La tensione è alta, perché in passato sono volate accuse pesanti verso la Regione accusata di «privilegiare» Bari e Brindisi a scapito degli altri due scali pugliesi. Ma Giannini, come di consueto, garantisce ampiezza di vedute: «Avevo promesso questo incontro - dice -: faremo una discussione obiettiva e serena, senza pregiudiziali, partendo dal contesto esistente. Dobbiamo valutare tutti i dati e tutti gli elementi».
Gli elementi sono questi. Nel Piano regionale dei trasporti (approvato all’unanimità), Grottaglie è indicato come scalo cargo, una destinazione che dovrebbe essere confermata anche nel Piano nazionale degli aeroporti cui sta lavorando il governo. La scorsa settimana il ministro Maurizio Lupi ha speso parole di apprezzamento per la Puglia, unica Regione ad avere lo stesso gestore aeroportuale per tutti gli scali. Ma ha allo stesso tempo ribadito la necessità di razionalizzare il settore, che si traduce con lo stop ai finanziamenti a pioggia: lo Stato garantirà lo sviluppo degli scali ritenuti strategici, e tutti gli altri - eventualmente - dovranno cercare le risorse attraverso gli enti locali.
Un modo per chiudere i piccoli aeroporti? Probabilmente. Ma nel caso di Grottaglie, si tratta innanzitutto di capire la vocazione dello scalo. All’«Arlotta» A dicembre 2006 è stata completata la nuova piattaforma logistica con la pista da 3.200 metri a servizio dello stabilimento Alenia, di fatto l’unico cliente dello scalo: qui atterrano infatti i 747 cargo che trasportano fusoliere e piani di coda dei nuovi Boeing 787. Non ci sono altri movimenti, anche se più volte è stato tentato l’esperimento dei charter estivi. E così l’aeroporto è a tutti gli effetti chiuso al traffico, nonostante le decine di milioni di euro spesi finora per gli adeguamenti infrastrutturali.

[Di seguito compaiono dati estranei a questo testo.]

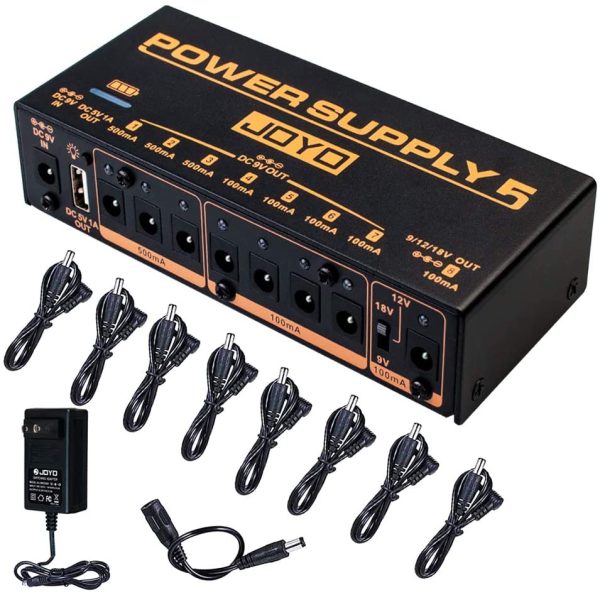 JOYO Built-in 4400mAh Rechargeable Battery Guitar Effect Pedal Power Supply 8 Outputs 9V 12V 18V (100mA, 500mA) Jacks & 5V/1A USB Port (JP-05) - Image 2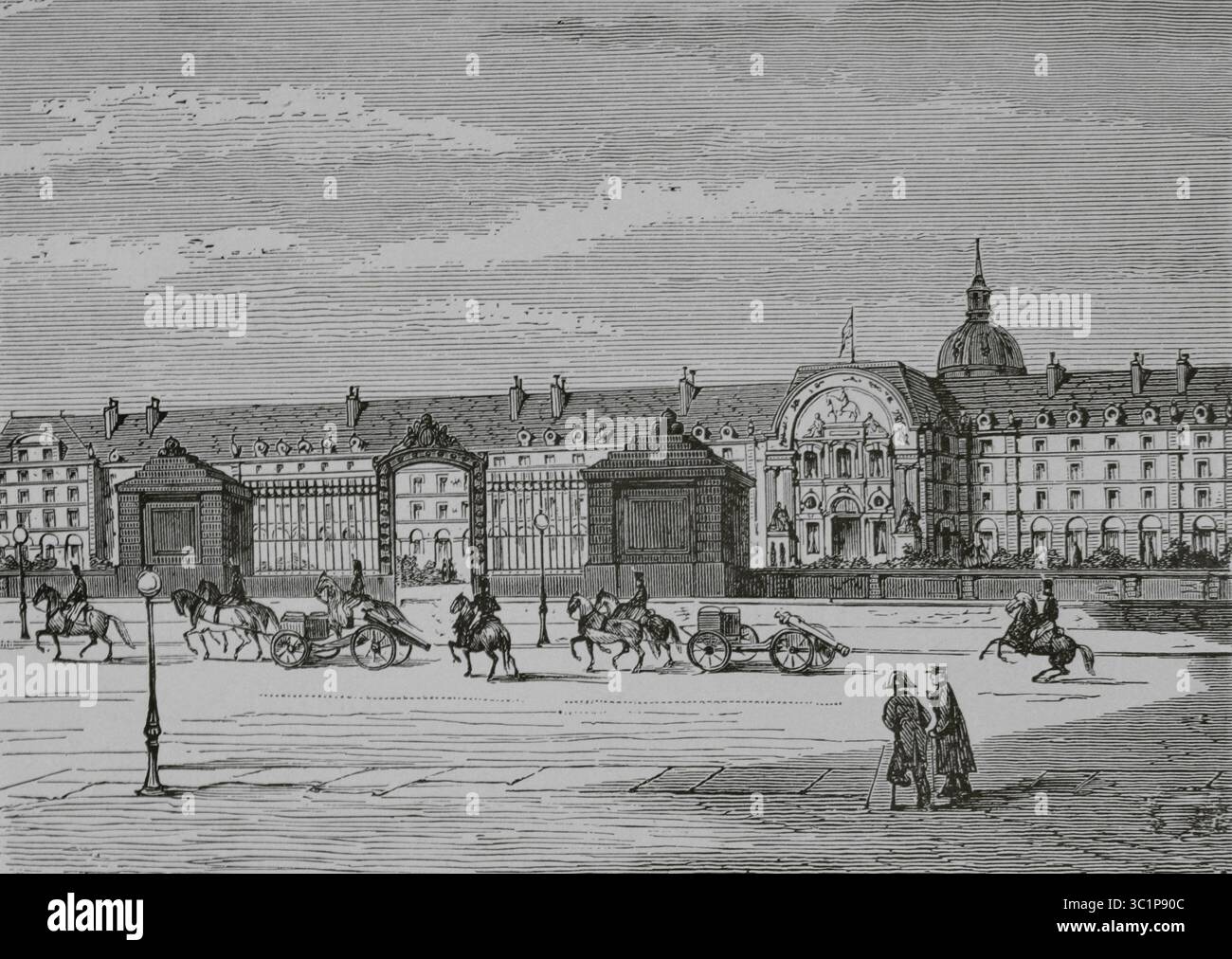 Parigi, Francia. Les Invalides (Hôtel des Invalides). Complessi architettonici costruiti nel 1670 dal re Luigi XIV di Francia, per fornire alloggio agli invalidi di guerra che erano stati lasciati senza casa. Incisione. Histoire de Paris et de ses Monuments (storia di Parigi e dei suoi monumenti), 1895. Foto Stock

Enti locali ed associazioni chiedono l’avvio del traffico di linea, con collegamenti regolari verso Roma e Milano, e dalla Regione si aspetterebbero i finanziamenti necessari a sostenere le compagnie, sulla base di una «parità di condizioni» con le imprese baresi e salentine che possono contare su collegamenti migliori. In realtà tutti i tentativi fatti in questo senso negli scorsi anni sono falliti, a fronte dei numeri: i business plan, infatti, richiedevano contributi pubblici esorbitanti a fronte di un numero di passeggeri tutto sommato esiguo, che dunque non avrebbe giustificato l’investimento. La Regione non è tuttavia intenzionata ad abbandonare l’«Arlotta», ma proverà a perseguire ogni possibile soluzione: solo che l’impossibilità di utilizzare i fondi europei per gli incentivi alle compagnie aeree (vedi quanto accaduto con Ryanair per Bari e Brindisi) rende tutto molto più difficile.